TASK STATEMENT>
Everything in the records below is to be reproduced exactly, apart from the images.
◆ ◆ ◆ ◆
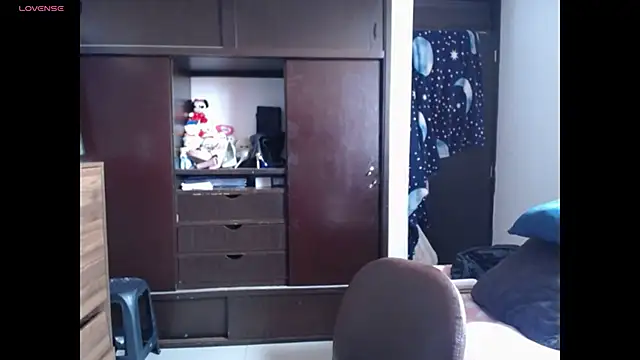 morgan 777 online show from January 2026 08:46:02 PM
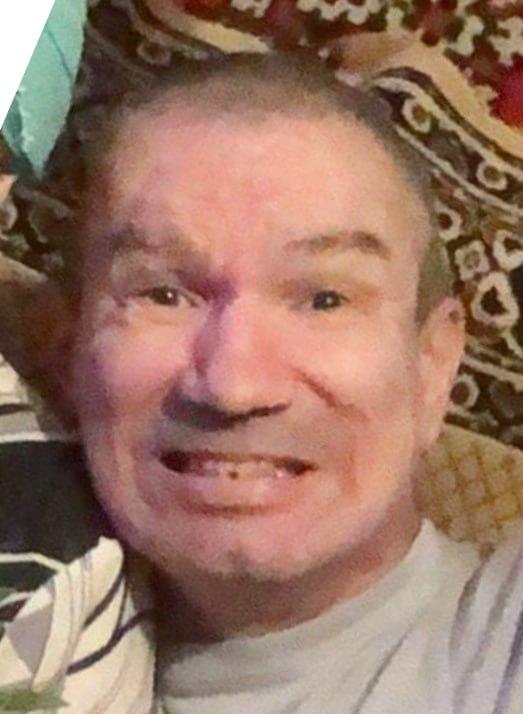 Фото: Погибший на войне с Украиной Валеев Илгиз Ильдусович. Республика Татарстан, добровольцы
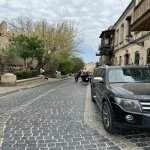 Продажа 8 комнат Дома/Виллы, м. Ичяришяхяр метро, Ичяри Шяхяр, Сябаиль район 9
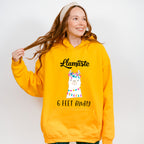 Namaste, Yoga Theme T-shirt, Hoodie, Sweatshirt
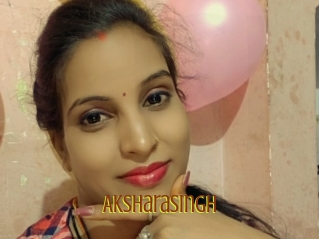 aksharasingh Salope Asiatique
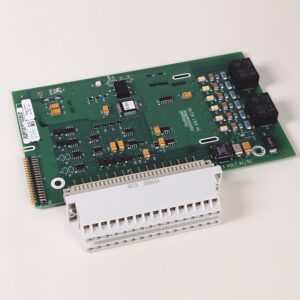 PowerFlex 700 24V AC-DC IO Kit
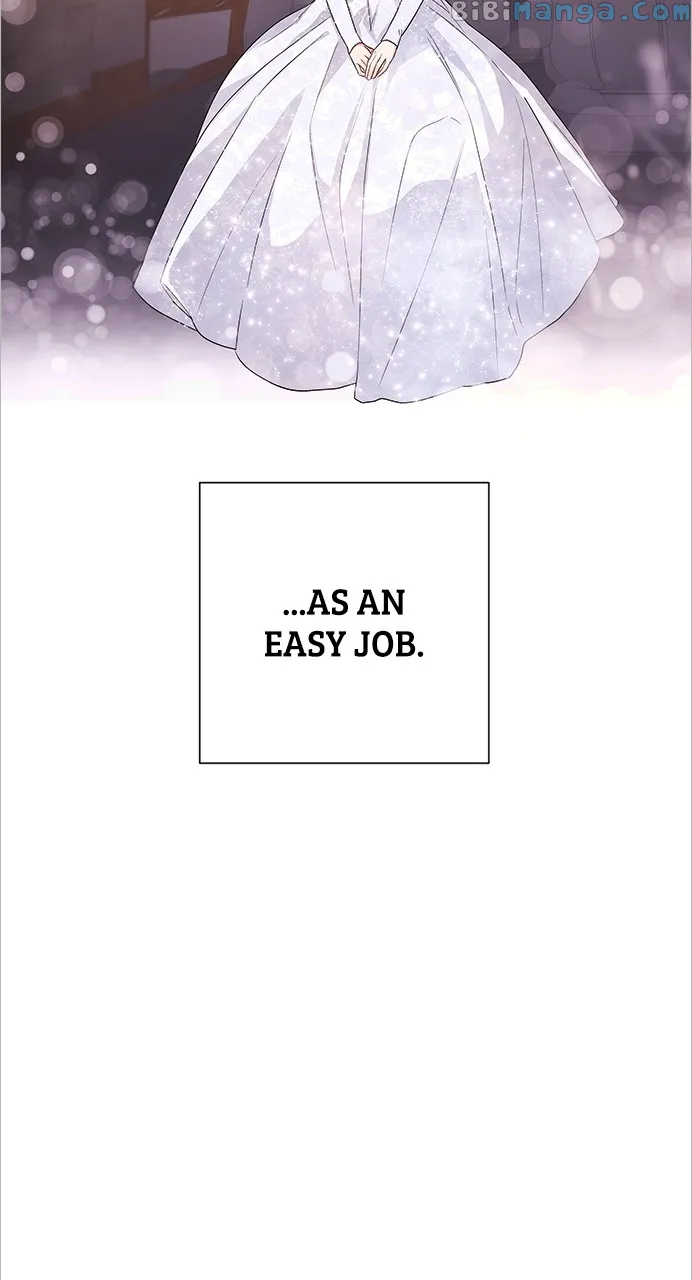 Let’s Meet After Work Chapter 2 - page 35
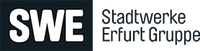 SWE Service GmbH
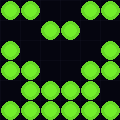 3.1.27.231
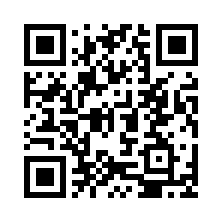QR Code for 145t9nGmApz24wGYtB7EEuzzDa5eTAmv7Q
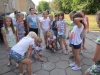 podchody2d2e (20)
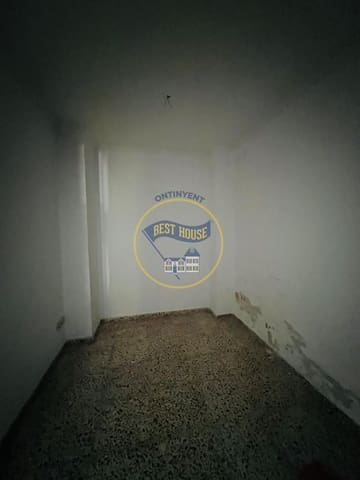 Kaupallinen vuokrattavana paikassa Ontinyent - 400 € (Ref: 9578781)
◆ ◆ ◆ ◆
TASK RESULT>
 morgan 777 online show from January 2026 08:46:02 PM
 Фото: Погибший на войне с Украиной Валеев Илгиз Ильдусович. Республика Татарстан, добровольцы
 Продажа 8 комнат Дома/Виллы, м. Ичяришяхяр метро, Ичяри Шяхяр, Сябаиль район 9
 Namaste, Yoga Theme T-shirt, Hoodie, Sweatshirt
 aksharasingh Salope Asiatique
 PowerFlex 700 24V AC-DC IO Kit
 Let’s Meet After Work Chapter 2 - page 35
 SWE Service GmbH
 3.1.27.231
QR Code for 145t9nGmApz24wGYtB7EEuzzDa5eTAmv7Q
 podchody2d2e (20)
 Kaupallinen vuokrattavana paikassa Ontinyent - 400 € (Ref: 9578781)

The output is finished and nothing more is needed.